__INSTRUCTIONS FOR THE TASK__: After locating the line with "ปี เสพยาบ้า ถือมีดเดินเพ่นพ่านขู่ขอข้าวกินจนอิ่มเ" below, output it and each following line exactly, stopping after the line with "דירה, דבורה הנביאה, רובע". No pictures.

__DATA PROVIDED__:
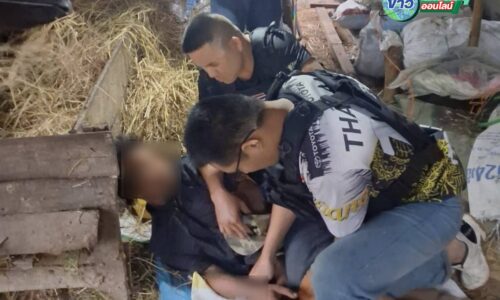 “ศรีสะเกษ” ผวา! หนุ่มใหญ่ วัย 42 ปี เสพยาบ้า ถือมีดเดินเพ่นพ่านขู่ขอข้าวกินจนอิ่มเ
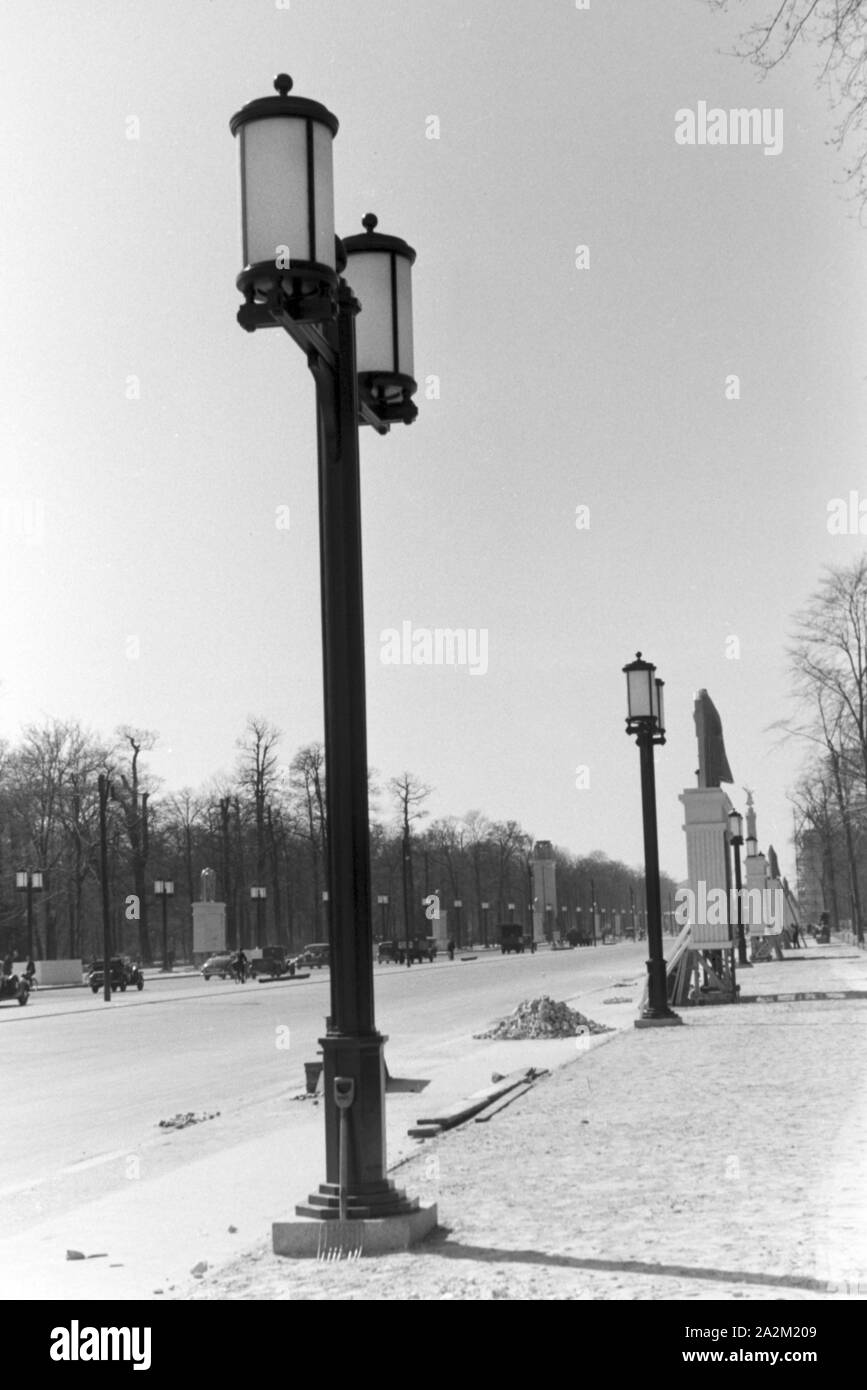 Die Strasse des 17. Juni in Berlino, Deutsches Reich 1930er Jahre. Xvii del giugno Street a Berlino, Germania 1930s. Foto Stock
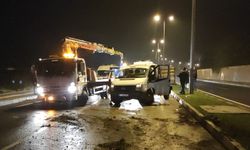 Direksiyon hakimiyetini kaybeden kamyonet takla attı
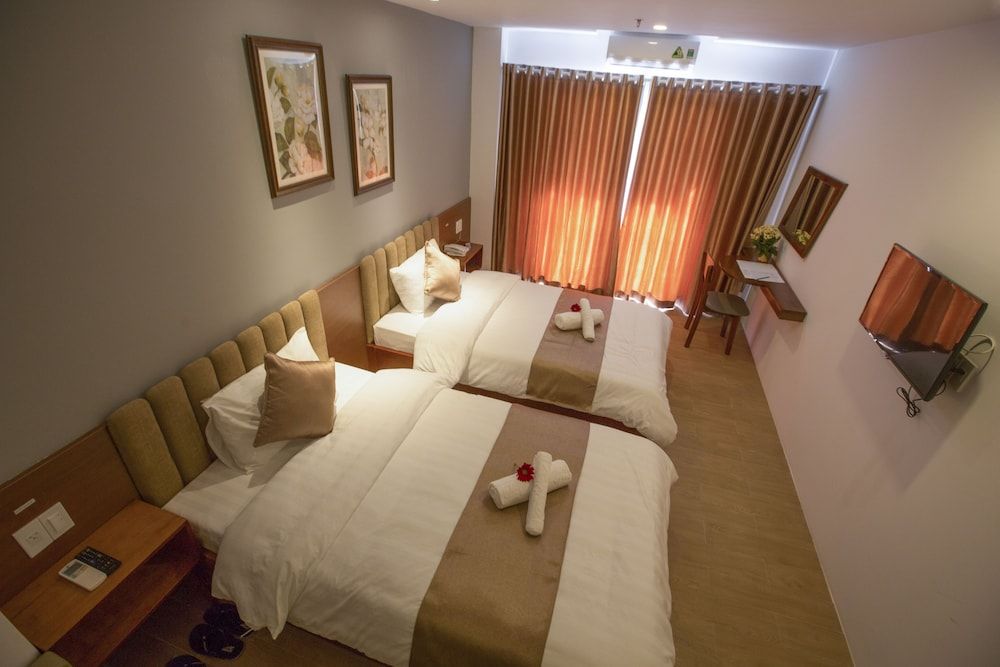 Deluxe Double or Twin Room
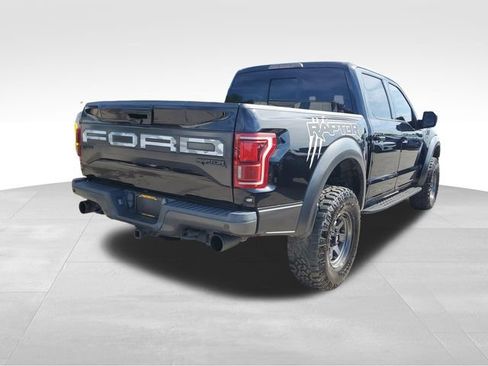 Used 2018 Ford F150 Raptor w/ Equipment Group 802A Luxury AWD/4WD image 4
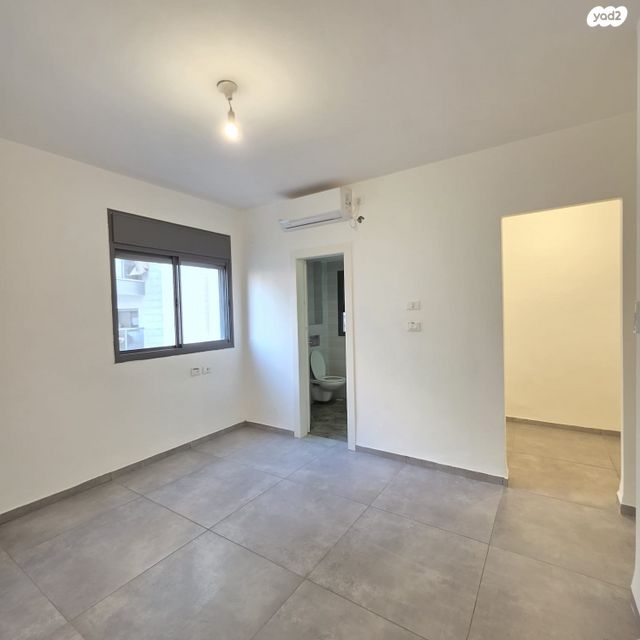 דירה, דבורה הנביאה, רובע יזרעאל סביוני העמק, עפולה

...

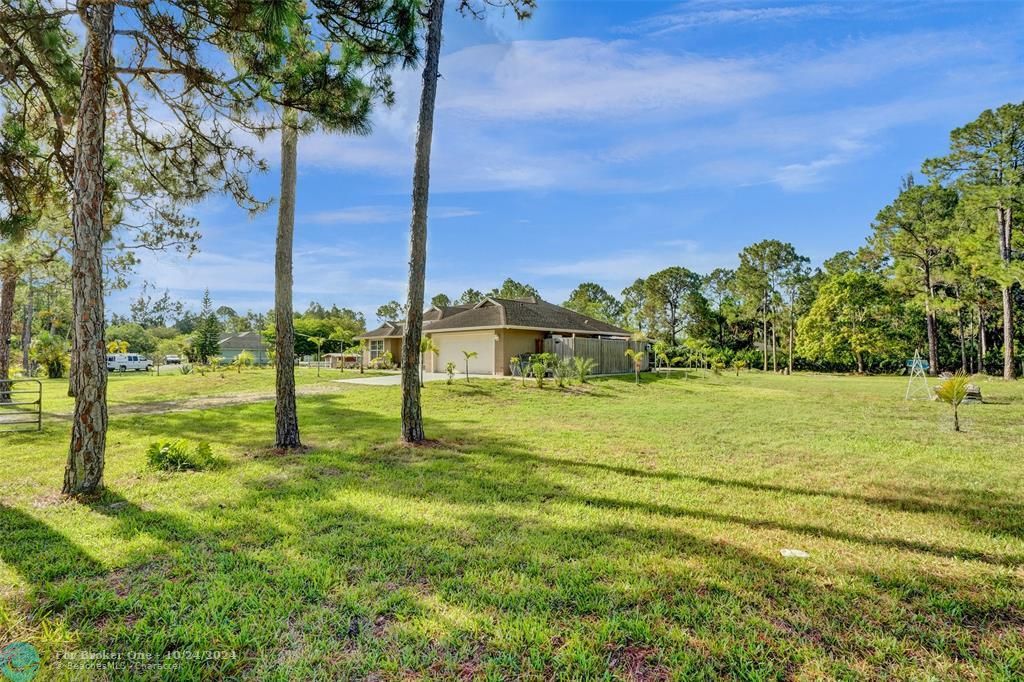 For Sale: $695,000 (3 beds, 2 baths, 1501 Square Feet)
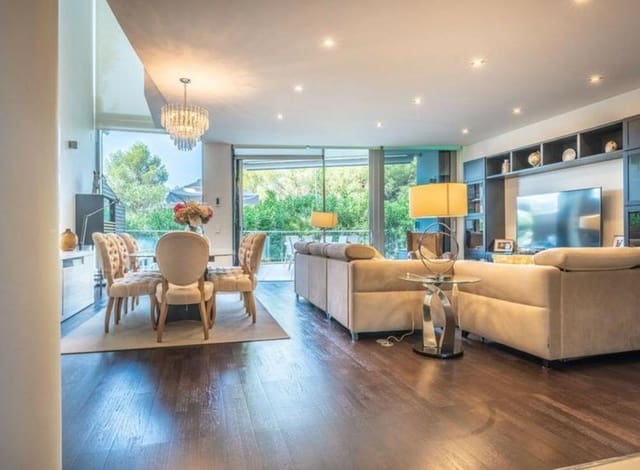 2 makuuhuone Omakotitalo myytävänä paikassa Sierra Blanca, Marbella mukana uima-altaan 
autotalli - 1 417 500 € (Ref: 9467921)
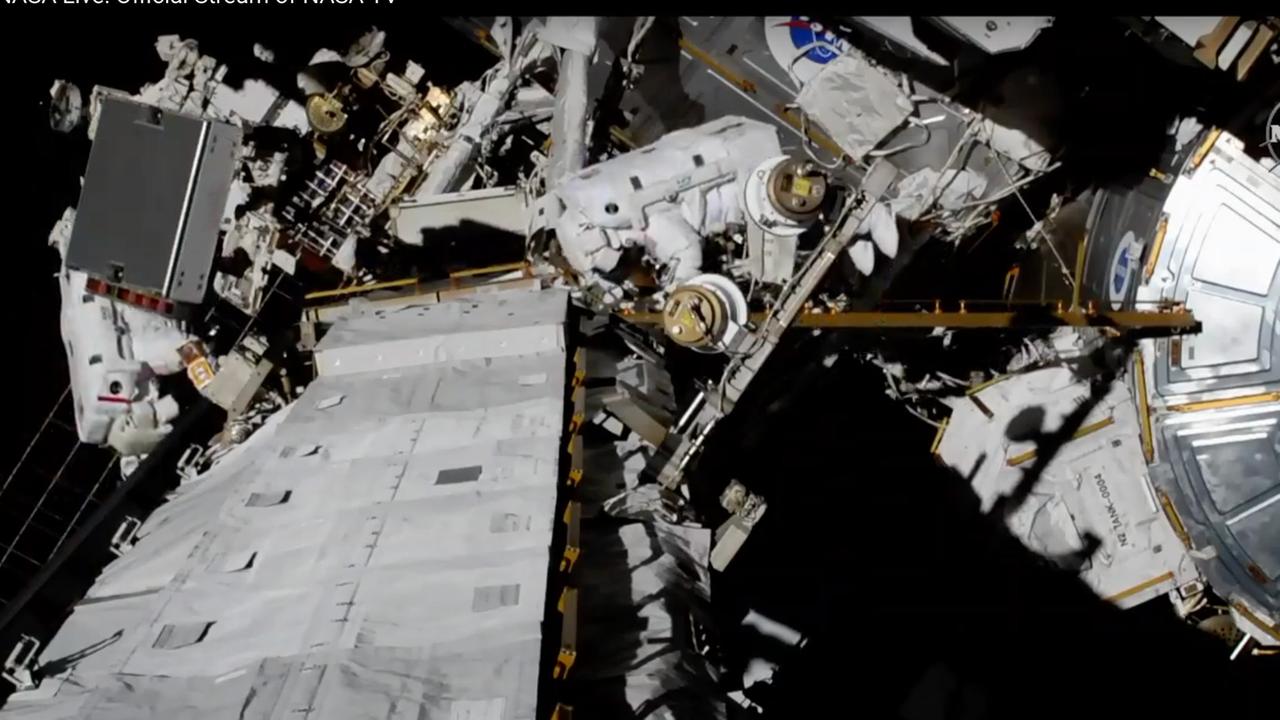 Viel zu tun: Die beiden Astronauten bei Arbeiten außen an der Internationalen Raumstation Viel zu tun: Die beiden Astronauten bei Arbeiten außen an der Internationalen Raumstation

__SOLUTION TO THIS EXERCISE__:
 “ศรีสะเกษ” ผวา! หนุ่มใหญ่ วัย 42 ปี เสพยาบ้า ถือมีดเดินเพ่นพ่านขู่ขอข้าวกินจนอิ่มเ
 Die Strasse des 17. Juni in Berlino, Deutsches Reich 1930er Jahre. Xvii del giugno Street a Berlino, Germania 1930s. Foto Stock
 Direksiyon hakimiyetini kaybeden kamyonet takla attı
 Deluxe Double or Twin Room
 Used 2018 Ford F150 Raptor w/ Equipment Group 802A Luxury AWD/4WD image 4
 דירה, דבורה הנביאה, רובע יזרעאל סביוני העמק, עפולה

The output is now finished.